Deciding that a university press isn't a profit center

James F. Reische, Ronald Reagan vs. the University Press, Inside Higher Ed, September 14, 2007.  Excerpt:

...American universities have frequently undermined their presses, displacing their dedication to scholarly values in favor of an incoherent amalgam of free-market ideas about competition and profit. Scholarly publishing in 2007 is a hollow shell of its former self. We now seem to be witnessing a merciful reversal of this trend at the 11th hour; but unless the reversal is made permanent, our system of scholarly communication will remain in terrible peril....

At first glance, the defunding of presses seemed like a legitimate market correction: After all, if consumer demand for university press books was insufficient to support their publication, why should the presses be allowed to continue producing them at the same rate? ...

Unfortunately, this way of thinking incorporated two critical fallacies:

1. A book is not a book is not a book. University presses were established out of a recognition that academic monographs were never going to be profitable. They were too technical, their audiences too small to support mass-market publication. Instead, the closed cycle (scholar as author, university as publisher, library as consumer) was supposed to subsidize work that was of significant intellectual and scientific value to a small but influential cadre of experts. In other words, university presses were specifically designed to produce a public good, exempt from market forces....

2. Even if all other things were equal — which they weren’t — commercial publishing faced serious problems of its own....

[U]niversity leaders, instead of recognizing the inability of the market to properly value scholarly books, saddled their presses with a pair of contradictory missions: to produce the most advanced research for a small audience, while simultaneously earning their own way with at best a minimal subsidy....

If the real value of university presses is their role as the stewards of peer review — the rigorous scrutiny of research by qualified experts, and the publication of high-level scholarship for a specialized readership — then profits, no matter what the preferred strategy to achieve them, should never be a presumptive goal....

A number of savvy administrators and press directors have decided to reach for the digital lifeboat, despite the considerable risks involved....The result is an odd paradox: despite the fact that everyone agrees in principle on the promise of digital media, university presses are not on the whole being equipped to move decisively into the digital domain. This was perhaps the main finding of the Ithaka report, and one of the reasons why press directors and university administrators have damned the report with faint praise, by lauding its clear assessment of the problem while, by implication, lamenting its failure to propose a practical solution....

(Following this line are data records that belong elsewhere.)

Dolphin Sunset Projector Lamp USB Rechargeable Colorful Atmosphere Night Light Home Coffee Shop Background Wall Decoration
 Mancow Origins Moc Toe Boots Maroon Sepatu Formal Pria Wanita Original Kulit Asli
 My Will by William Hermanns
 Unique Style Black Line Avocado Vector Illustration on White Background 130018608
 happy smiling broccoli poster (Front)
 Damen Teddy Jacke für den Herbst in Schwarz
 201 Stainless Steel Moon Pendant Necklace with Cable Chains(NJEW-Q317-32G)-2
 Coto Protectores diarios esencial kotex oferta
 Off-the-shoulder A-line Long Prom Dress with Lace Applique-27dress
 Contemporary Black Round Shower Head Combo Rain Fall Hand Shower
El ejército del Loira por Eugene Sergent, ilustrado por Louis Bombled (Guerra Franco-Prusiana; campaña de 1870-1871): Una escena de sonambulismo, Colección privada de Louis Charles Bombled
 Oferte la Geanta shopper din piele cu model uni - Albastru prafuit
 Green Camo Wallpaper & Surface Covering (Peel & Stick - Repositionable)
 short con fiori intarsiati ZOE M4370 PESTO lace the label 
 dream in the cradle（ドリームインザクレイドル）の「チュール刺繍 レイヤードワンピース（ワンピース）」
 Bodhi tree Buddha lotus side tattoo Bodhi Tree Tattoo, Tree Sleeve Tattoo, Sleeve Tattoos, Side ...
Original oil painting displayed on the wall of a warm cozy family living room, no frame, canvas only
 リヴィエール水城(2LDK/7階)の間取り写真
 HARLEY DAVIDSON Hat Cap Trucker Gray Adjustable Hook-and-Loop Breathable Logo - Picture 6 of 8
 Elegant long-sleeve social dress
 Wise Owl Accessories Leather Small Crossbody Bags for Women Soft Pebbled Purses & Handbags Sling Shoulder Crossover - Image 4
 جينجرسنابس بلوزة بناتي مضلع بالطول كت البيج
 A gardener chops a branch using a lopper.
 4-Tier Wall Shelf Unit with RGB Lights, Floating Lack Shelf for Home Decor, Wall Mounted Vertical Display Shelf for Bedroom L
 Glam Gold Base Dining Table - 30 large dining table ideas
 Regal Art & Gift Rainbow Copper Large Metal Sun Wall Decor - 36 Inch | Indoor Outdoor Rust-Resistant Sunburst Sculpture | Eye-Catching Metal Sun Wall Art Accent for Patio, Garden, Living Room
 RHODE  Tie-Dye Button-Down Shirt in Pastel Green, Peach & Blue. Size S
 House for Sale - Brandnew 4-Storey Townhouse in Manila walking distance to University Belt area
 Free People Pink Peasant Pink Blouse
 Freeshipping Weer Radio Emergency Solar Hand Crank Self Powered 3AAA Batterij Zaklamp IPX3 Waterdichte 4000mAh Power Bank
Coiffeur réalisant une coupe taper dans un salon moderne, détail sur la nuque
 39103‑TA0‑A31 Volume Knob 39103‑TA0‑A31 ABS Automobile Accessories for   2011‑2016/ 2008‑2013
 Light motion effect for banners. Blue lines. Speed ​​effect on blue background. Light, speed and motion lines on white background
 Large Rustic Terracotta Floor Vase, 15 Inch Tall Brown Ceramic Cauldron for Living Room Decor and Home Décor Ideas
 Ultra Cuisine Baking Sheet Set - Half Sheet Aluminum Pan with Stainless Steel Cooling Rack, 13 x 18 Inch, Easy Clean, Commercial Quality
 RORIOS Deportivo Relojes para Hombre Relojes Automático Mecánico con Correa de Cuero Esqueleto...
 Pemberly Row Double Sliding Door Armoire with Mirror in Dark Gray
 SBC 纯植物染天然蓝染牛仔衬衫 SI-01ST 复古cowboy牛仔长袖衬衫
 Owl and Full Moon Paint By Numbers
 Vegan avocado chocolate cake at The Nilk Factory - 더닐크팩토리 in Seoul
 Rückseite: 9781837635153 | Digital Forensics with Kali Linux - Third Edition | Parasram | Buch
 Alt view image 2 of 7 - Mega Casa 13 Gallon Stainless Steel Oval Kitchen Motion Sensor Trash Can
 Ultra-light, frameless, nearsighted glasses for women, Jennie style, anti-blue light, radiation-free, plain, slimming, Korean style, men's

Comment.  Reische doesn't discuss OA.  But if universities take his advice, then more university presses will be willing to join the handful of pioneers in publishing OA journals and monographs, which require smaller subsidies than their print counterparts and spread knowledge further.  What's missing is the university willingness to admit that the press is a service to scholarship, not a profit center, and to adjust funding and expectations accordingly.  The AAUP made a similar point in its Statement on Open Access (from February 2007):

For university presses, unlike commercial and society publishers, open access does not necessarily pose a threat to their operation and their pursuit of the mission to “advance knowledge, and to diffuse it...far and wide.” Presses can exist in a gift economy for at least the most scholarly of their publishing functions if costs are internally reallocated (from library purchases to faculty grants and press subsidies). But presses have increasingly been required by their parent universities to operate in the market economy....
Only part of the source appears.